A Drosophila model of Fragile X syndrome exhibits defects in phagocytosis by innate immune cells

Fragile X syndrome, the most common known monogenic cause of autism, results from the loss of FMR1, a conserved, ubiquitously expressed RNA-binding protein. Recent evidence suggests that Fragile X syndrome and other types of autism are associated with immune system defects. We found that Drosophila melanogaster Fmr1 mutants exhibit increased sensitivity to bacterial infection and decreased phagocytosis of bacteria by systemic immune cells.

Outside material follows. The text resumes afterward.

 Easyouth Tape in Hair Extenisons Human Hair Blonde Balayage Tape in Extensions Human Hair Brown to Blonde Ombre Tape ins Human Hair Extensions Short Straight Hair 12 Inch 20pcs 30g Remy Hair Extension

Using tissue-specific RNAi-mediated knockdown, we showed that Fmr1 plays a cell-autonomous role in the phagocytosis of bacteria. Fmr1 mutants also exhibit delays in two processes that require phagocytosis by glial cells, the immune cells in the brain: neuronal clearance after injury in adults and the development of the mushroom body, a brain structure required for learning and memory. Delayed neuronal clearance is associated with reduced recruitment of activated glia to the site of injury. These results suggest a previously unrecognized role for Fmr1 in regulating the activation of phagocytic immune cells both in the body and the brain.

• Publication year

  2017

• Venue

  Journal of Cell Biology

• Publication date

  2017-03-06

• Fields of study

  Biology, Medicine

• Identifiers
  DOI 10.1083/jcb.201607093PMID 28223318PMCID 5350515
• External record

  Open on Semantic Scholar

• Source metadata

  Semantic Scholar, PubMed

• No claims are published for this paper.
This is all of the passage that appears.